I was in the field at Summerville N.J. in 1978 with almost 200 other road cyclists. Summerville was one of my favorite races cause it had a huge crowd every Memorial Day of about 20,000 watching. It was also short and fast at 50 miles, it sorta bridged the gap between being a roadie or trakkie race. I was definitely a roadie and better at hills, but 50 miles started to spread things out, and my only real hope of doing well was maybe getting some kind of small gap right near the finish, or having great position in the field sprint.
It was getting near the finish and I was feeling good and getting more pumped with every flat fast mile lap. I noticed that Jim Ochowicz, a well known trakkie from Kenosha and the Schwinn Wolverines was sitting in on one of my Indy USA teamates and local friends Wayne Stetina. Now Wayne was like the premier road rider in the '70s having won a handful of road titles, and we all knew that he'd probably be trying to get off the front near the finish. I knew that Ochowicz was going to try to spoil any of his breaks, and then as usual would probably lead Roger Young, his brother-in-law and well known match sprinter, out in the sprint from a lap or two from the finish.
So I thought I'd help Wayne get free maybe, and if things got broken up, I'd sit in and counter if any break was caught then later on. So I started getting next to Ochowicz and then simply telling Wayne which side to move to, which cleared his wheel to allow him a clean break with no "enemy" on his wheel. After a couple of times, Ocho got real huffy, and started threatening me to stay away. I sorta got windy back, because I wasn't doing anything but positioning, and you really can't lay a permanent claim to someone's wheel in a bike race, so we were exchanging words. So it was winding down, and a little late for any breaks besides, but I blocked for Wayne again, and don't recall if he ever got off that day. But what did happen- and only three or four laps from the finish, while we were all in great position near the front, really- was that suddenly going through the third of the four corners, Ochowicz came past me from behind and started grabbing at me- I don't know what he really intended, but before I knew it I was going down. But I wasn't going down alone, and I grabbed him as I fell.

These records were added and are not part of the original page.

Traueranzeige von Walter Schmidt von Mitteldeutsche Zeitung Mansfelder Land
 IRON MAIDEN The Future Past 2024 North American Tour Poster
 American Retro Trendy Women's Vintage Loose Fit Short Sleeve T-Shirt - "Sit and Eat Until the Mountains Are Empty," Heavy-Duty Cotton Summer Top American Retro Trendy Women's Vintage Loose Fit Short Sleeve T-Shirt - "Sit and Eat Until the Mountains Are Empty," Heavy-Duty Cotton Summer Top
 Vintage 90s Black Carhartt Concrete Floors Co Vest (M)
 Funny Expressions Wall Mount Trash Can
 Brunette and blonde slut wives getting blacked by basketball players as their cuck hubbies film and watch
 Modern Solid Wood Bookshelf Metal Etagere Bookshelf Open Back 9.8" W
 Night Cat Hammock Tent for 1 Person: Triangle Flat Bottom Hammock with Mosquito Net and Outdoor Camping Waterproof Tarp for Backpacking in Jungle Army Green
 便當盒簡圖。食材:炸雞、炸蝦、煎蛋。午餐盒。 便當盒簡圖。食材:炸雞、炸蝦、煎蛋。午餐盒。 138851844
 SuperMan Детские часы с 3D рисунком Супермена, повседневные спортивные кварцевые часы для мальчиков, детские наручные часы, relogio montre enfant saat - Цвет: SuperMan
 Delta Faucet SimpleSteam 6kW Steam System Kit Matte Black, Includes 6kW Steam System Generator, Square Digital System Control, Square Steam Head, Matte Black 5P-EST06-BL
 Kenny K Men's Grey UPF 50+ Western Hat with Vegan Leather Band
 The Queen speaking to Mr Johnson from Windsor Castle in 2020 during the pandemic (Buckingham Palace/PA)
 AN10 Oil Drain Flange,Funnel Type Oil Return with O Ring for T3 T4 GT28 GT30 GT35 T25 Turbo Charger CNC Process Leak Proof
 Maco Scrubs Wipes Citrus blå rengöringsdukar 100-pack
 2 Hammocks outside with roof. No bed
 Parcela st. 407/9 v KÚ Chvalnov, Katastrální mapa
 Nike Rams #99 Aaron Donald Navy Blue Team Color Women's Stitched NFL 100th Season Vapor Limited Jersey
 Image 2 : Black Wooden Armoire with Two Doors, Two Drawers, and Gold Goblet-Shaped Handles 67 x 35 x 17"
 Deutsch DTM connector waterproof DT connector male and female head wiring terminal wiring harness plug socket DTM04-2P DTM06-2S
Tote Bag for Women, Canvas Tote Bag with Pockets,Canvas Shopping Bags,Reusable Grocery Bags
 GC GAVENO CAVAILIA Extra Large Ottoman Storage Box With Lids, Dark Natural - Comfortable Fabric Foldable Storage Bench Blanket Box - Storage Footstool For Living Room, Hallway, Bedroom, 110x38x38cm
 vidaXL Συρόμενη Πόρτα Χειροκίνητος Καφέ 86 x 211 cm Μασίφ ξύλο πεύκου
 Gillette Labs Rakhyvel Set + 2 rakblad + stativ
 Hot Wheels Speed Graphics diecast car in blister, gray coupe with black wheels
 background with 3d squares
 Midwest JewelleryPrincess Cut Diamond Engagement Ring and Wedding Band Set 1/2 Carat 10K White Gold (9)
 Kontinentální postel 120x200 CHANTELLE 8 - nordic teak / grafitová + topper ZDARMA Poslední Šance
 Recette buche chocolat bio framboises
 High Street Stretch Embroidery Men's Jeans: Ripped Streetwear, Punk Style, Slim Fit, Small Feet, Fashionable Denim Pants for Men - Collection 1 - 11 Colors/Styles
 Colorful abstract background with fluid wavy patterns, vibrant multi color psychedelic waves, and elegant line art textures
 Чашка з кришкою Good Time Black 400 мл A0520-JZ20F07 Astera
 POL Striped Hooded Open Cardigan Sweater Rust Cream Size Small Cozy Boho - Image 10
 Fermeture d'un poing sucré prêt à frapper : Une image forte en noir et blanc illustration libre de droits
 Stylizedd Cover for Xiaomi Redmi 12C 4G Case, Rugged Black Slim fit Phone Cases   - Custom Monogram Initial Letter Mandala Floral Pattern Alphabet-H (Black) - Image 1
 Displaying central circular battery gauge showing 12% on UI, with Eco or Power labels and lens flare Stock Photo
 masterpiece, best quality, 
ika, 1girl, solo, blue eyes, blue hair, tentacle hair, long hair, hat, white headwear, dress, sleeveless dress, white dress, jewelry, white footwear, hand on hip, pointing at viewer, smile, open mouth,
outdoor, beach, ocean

So here we are, both down on the pavement in front of a huge pack of winding up racers, just a few short miles from the finish of one of the most important races in at least my own mind (and about 5 or 600 miles from home) So it was real stupid, and almost miraculously no one else hit us or fell. I had some skratches that luckily weren't worse, and after the race Wayne told me that people were coming up to ask him who his "kamikazee teamate" was, which was amusing- but not really true- I was just bike racing, and quite legitimately until it became personal with words.